-- Aim of the task --
What you return must be the full data, repeated verbatim, with no pictures in it.
──────── Available data
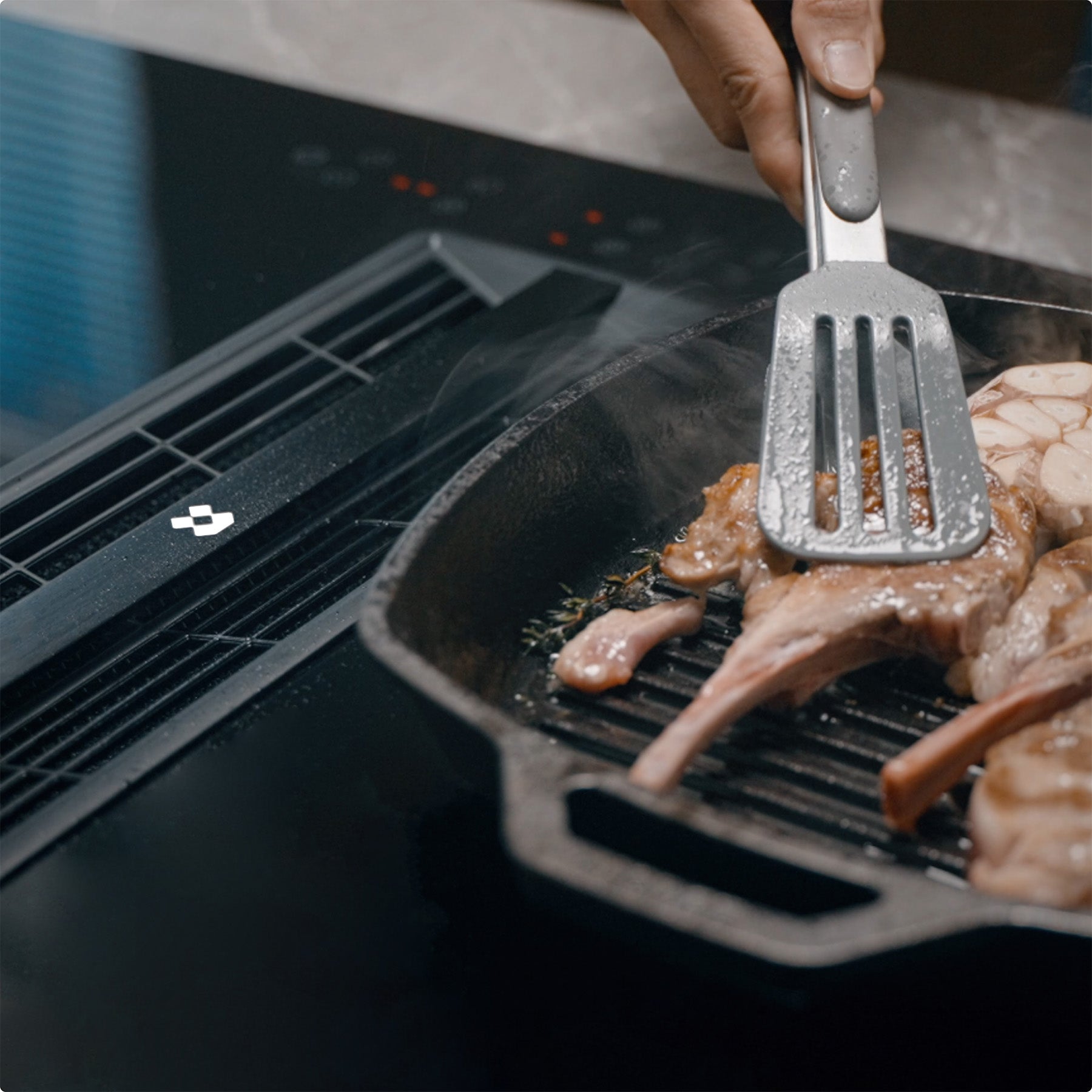 Ciarra ONE 59cm Electric Induction Hob with Integrated Plasma System CBBEH594BBFF Extractor Hob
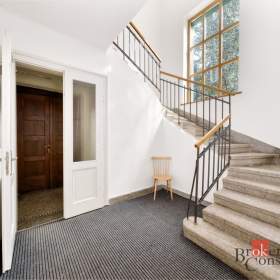 Foto inzerátu Prodej rodinného domu 436 m², Říčany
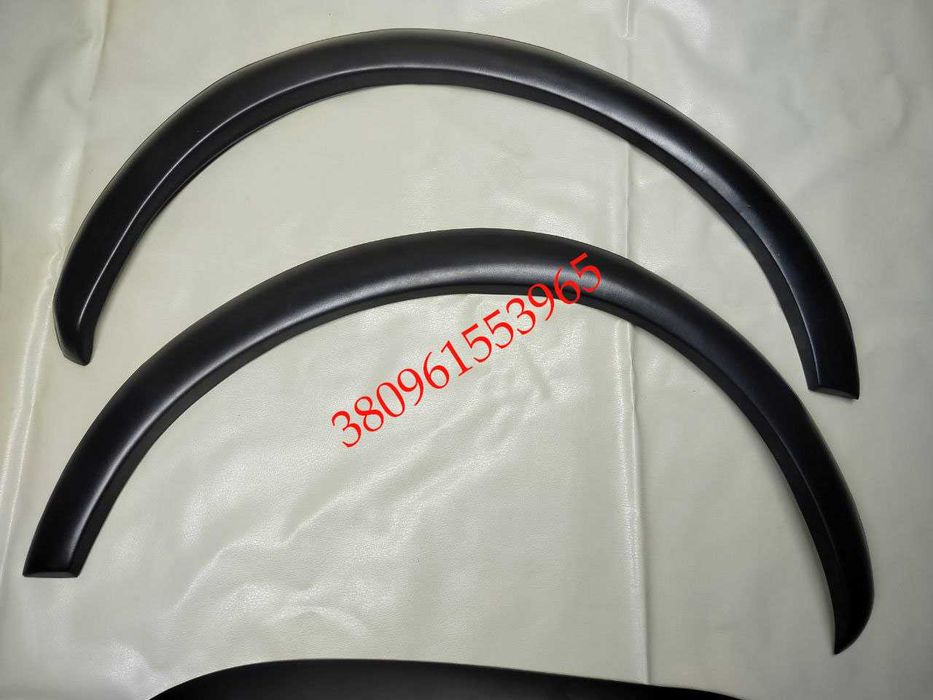 Накладки на арки Славтуа/Таврия (4 шт, пластик) новые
────────────────
-- Answer space --
 Ciarra ONE 59cm Electric Induction Hob with Integrated Plasma System CBBEH594BBFF Extractor Hob
 Foto inzerátu Prodej rodinného domu 436 m², Říčany
 Накладки на арки Славтуа/Таврия (4 шт, пластик) новые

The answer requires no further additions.